Allo stesso modo, se un pluriprescritto non dovrebbe di certo essere eleggibile come premier, anzi meriterebbe assidue indagini se tentasse di farlo, è anche vero che i recenti casi Luzi e Monte Paschi di Siena come le dolenti affermazioni di Papa Francesco sull’Alto Clero italiano connotano una sfera di relazioni e di ‘falle nel sistema’ notevoli, se parliamo di partiti in generale.
Possono essere eleggibili partiti che incassano donazioni ‘personali e spontanee’ da parte di alti dirigenti? E che dire di quella realtà con cui dovettero confrontarsi anche Mussolini e gli Alleati che è la nobiltà e l’apparato vaticano (Nobiltà pontificia , Sovrano militare ordine di Malta , Opus Dei) in Italia e, particolarmente, a Roma e in Calabria? E come risolvere, senza una legge sui contratti di lavoro, il dato di fatto che la CGIL sconfina spesso su temi di stretta pertinenza politica, condizionando equilibri, programmi ed alleanze?
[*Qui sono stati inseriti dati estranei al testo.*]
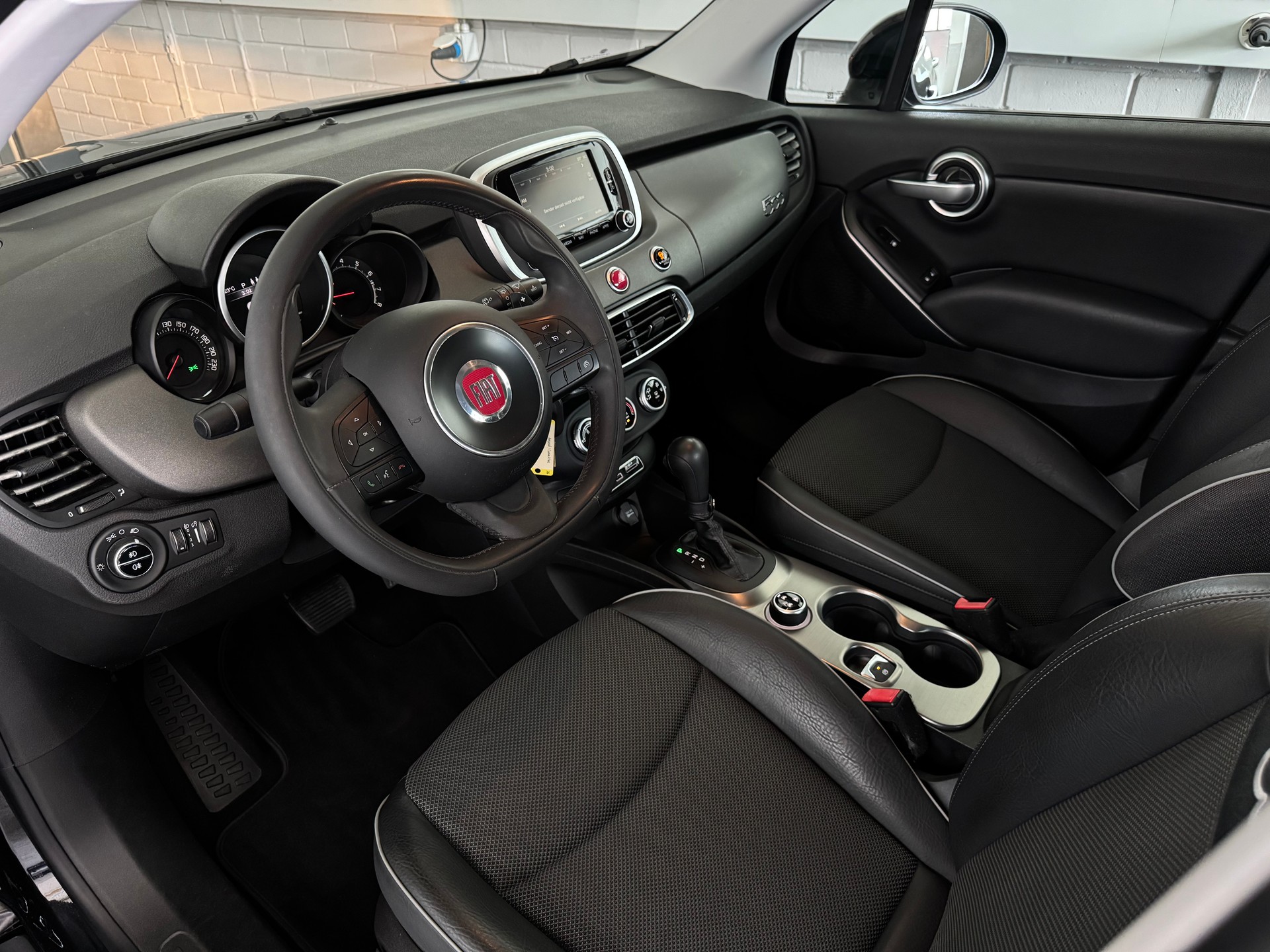 FIAT 500X 1.4T Cross 4x4 Automatic-image-4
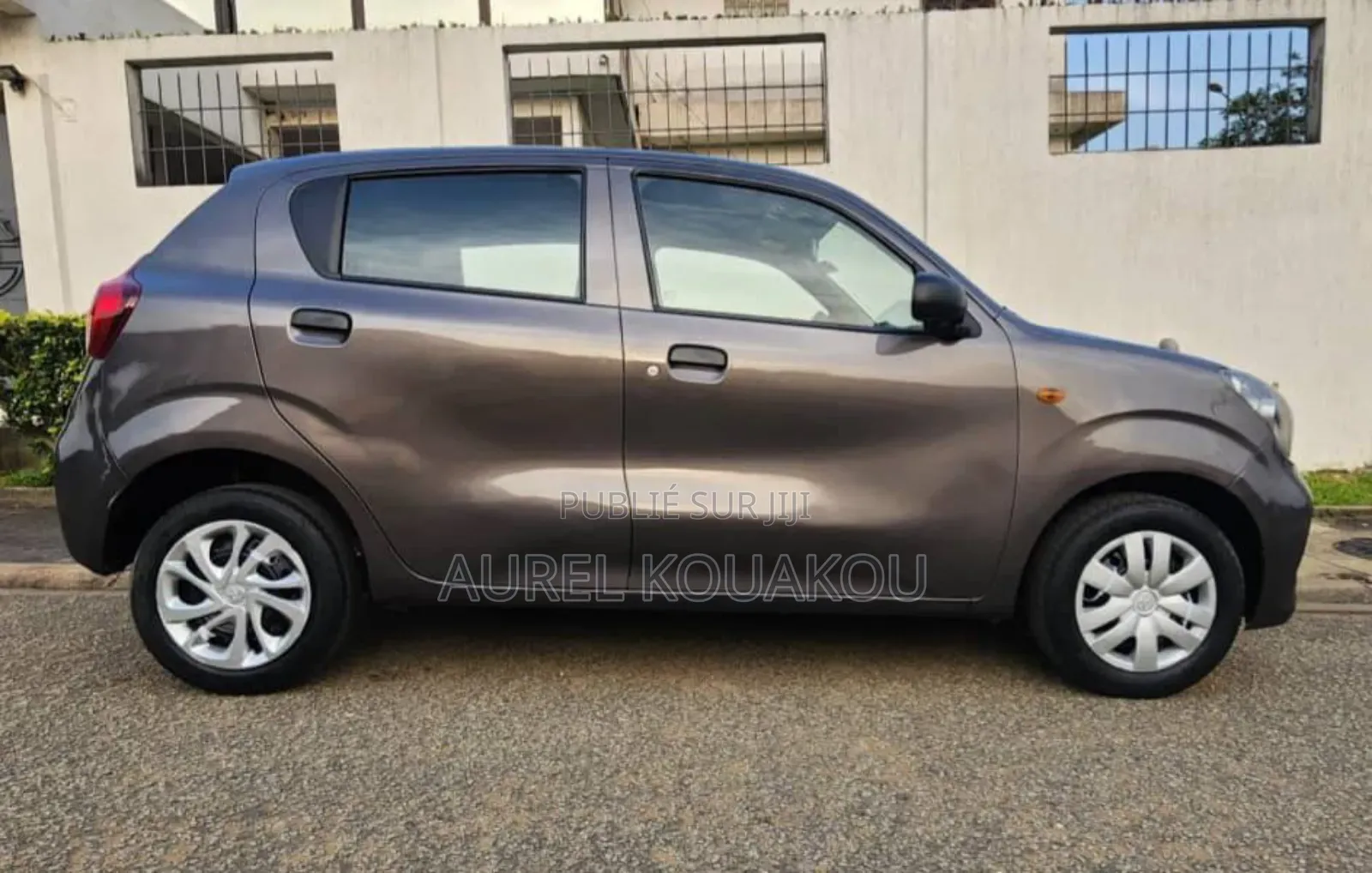 Toyota Vitz 2020 Gris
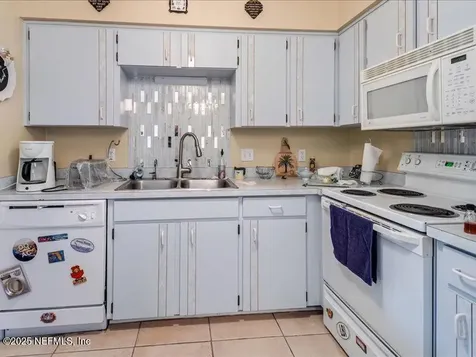 30 Riviera Drive Palm Coast FL 32164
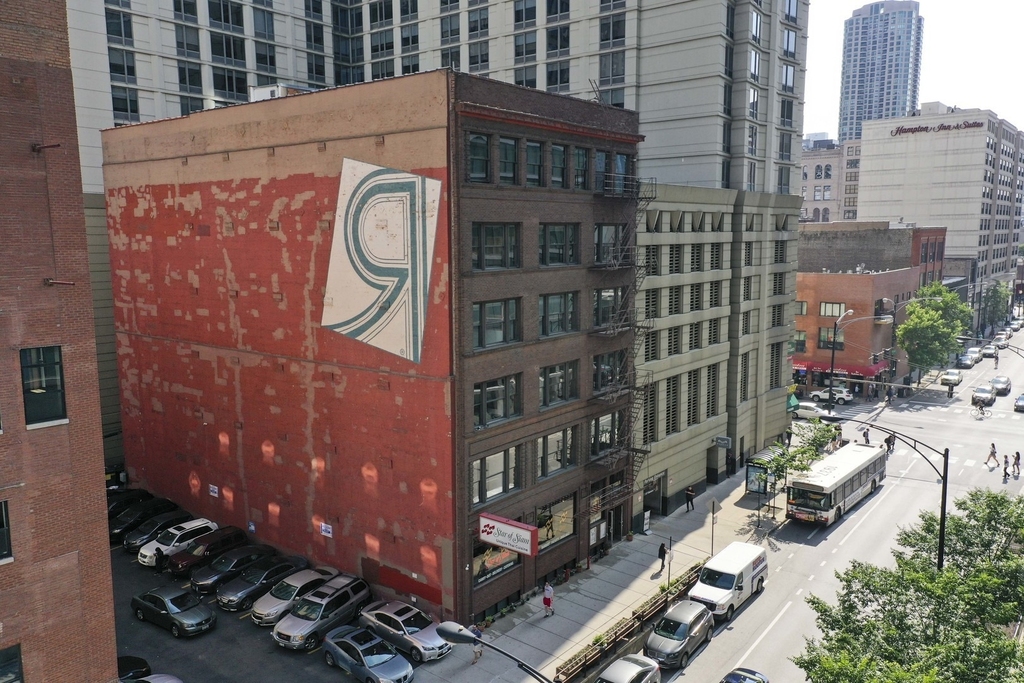 11 E Illinois Street - Photo 0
Rendere ineleggibile Silvio Berlusconi servirà solo a permettere la ricongiunzione dei ‘popolari’ italiani, che il PPE auspica e sollecita da anni, ma senza affrontare tutta la questione per intero, dalla legge elettorale ed i regolamenti dei gruppi parlamentari al finanziamento dei partiti.
Avvenne lo stesso con Bettino Craxi, quando la Mitteleuropa voleva un’Italia bipolare e c’erà il PSI (terzo incomodo) da smantellare: sappiamo come è andata a finire.